### Information supplied
::::::::::

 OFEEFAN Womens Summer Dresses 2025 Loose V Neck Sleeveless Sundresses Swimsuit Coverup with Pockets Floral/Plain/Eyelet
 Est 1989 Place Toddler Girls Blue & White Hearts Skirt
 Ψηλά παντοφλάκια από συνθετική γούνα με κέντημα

::::::::::

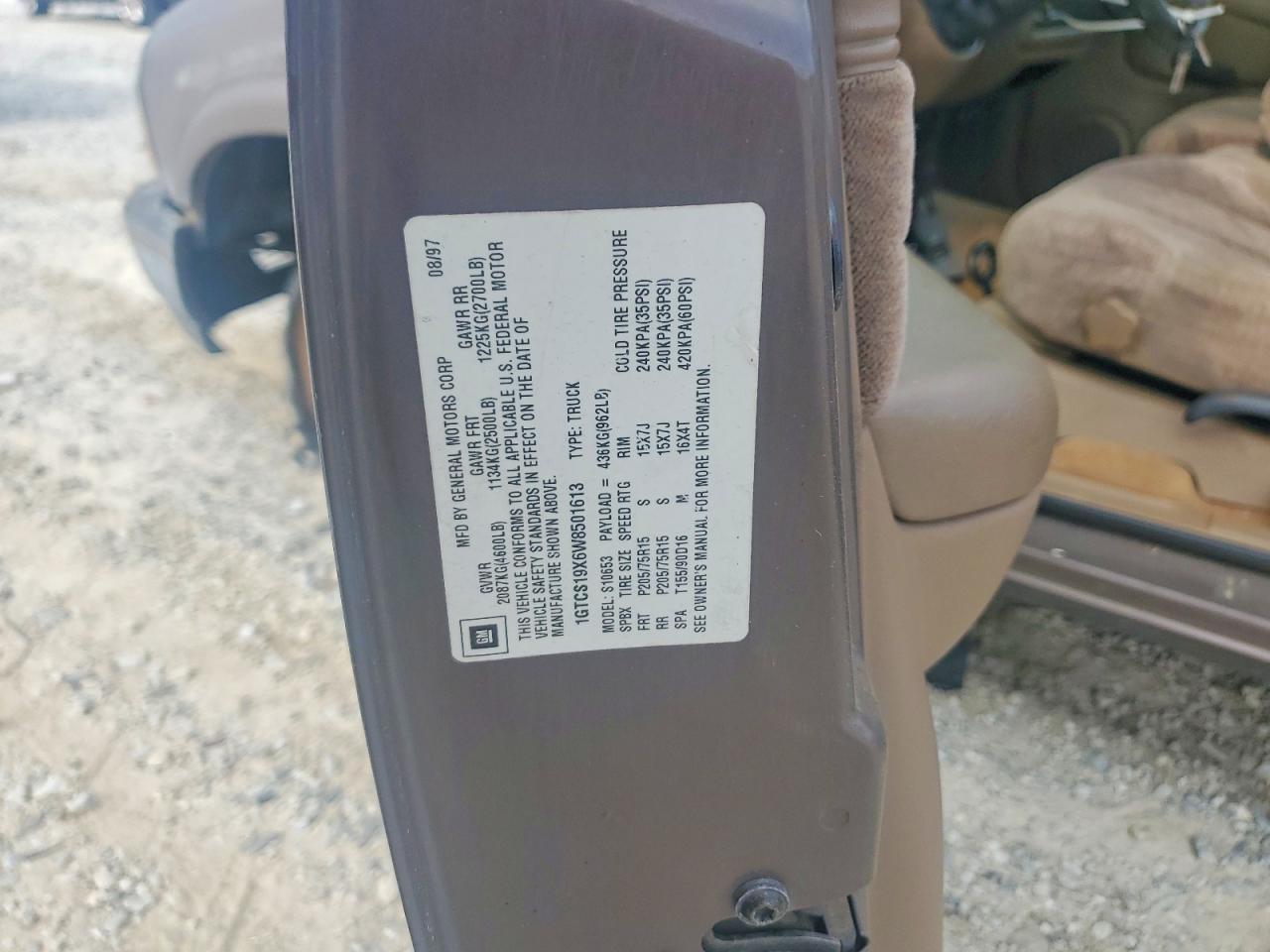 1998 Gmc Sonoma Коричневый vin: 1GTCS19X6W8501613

::::::::::

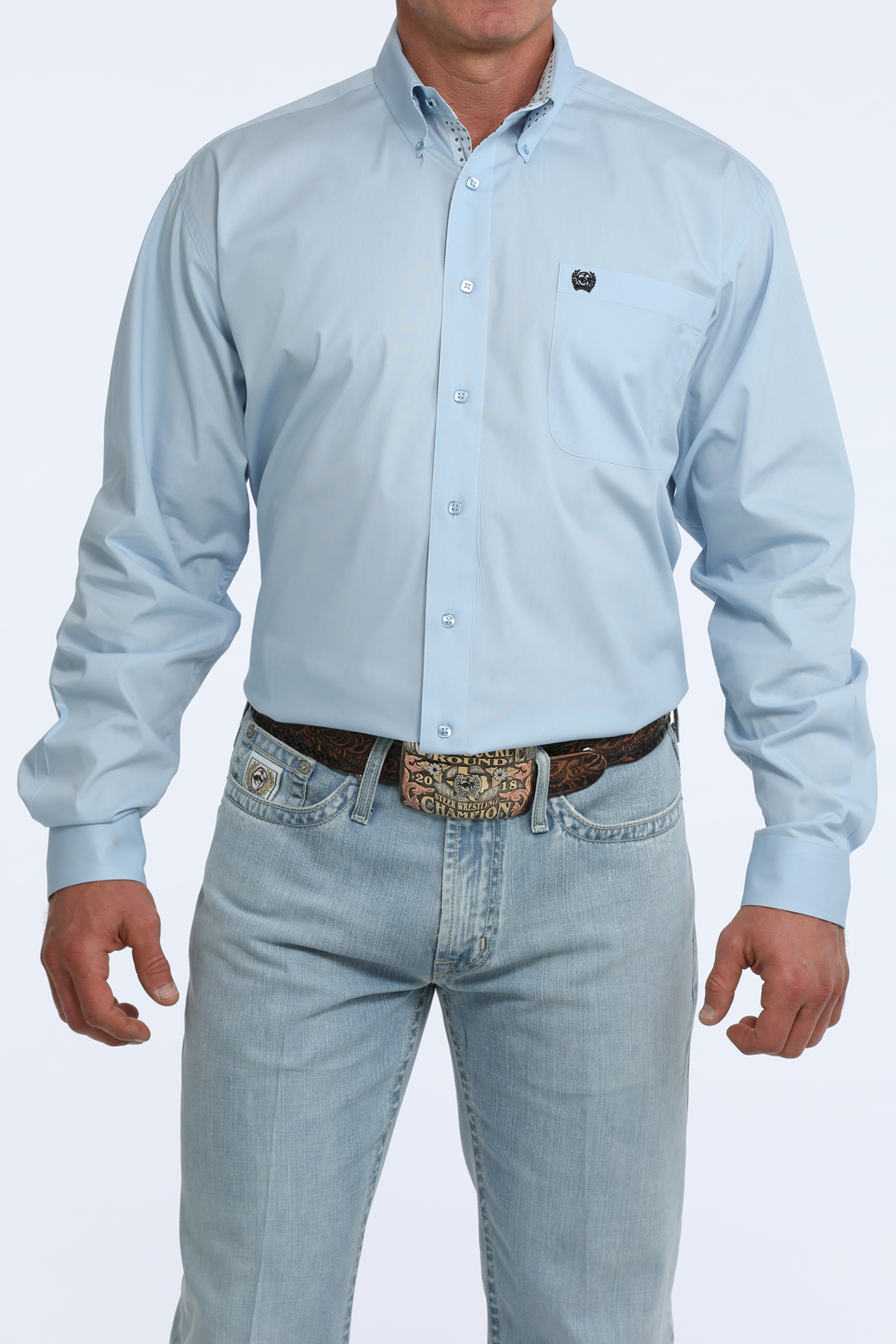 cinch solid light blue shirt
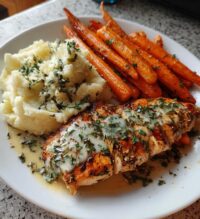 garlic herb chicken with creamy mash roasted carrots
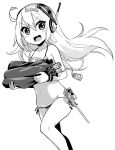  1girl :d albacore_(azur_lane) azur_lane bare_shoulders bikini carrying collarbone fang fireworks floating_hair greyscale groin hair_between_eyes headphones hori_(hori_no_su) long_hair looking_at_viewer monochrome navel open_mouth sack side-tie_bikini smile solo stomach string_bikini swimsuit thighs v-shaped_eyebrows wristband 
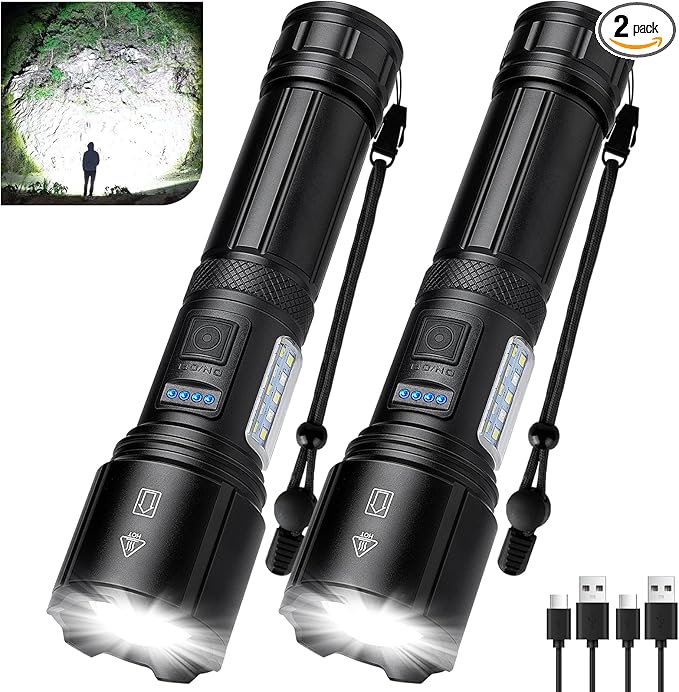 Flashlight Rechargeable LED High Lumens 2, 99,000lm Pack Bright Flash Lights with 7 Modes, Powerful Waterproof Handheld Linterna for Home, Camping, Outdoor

::::::::::

### Assigned task
Out of the listing above, reproduce exactly the lines from the one with "OFEEFAN Womens Summer" up to and including the one with "Ψηλά παντοφλάκια από".

### Your solution
 OFEEFAN Womens Summer Dresses 2025 Loose V Neck Sleeveless Sundresses Swimsuit Coverup with Pockets Floral/Plain/Eyelet
 Est 1989 Place Toddler Girls Blue & White Hearts Skirt
 Ψηλά παντοφλάκια από συνθετική γούνα με κέντημα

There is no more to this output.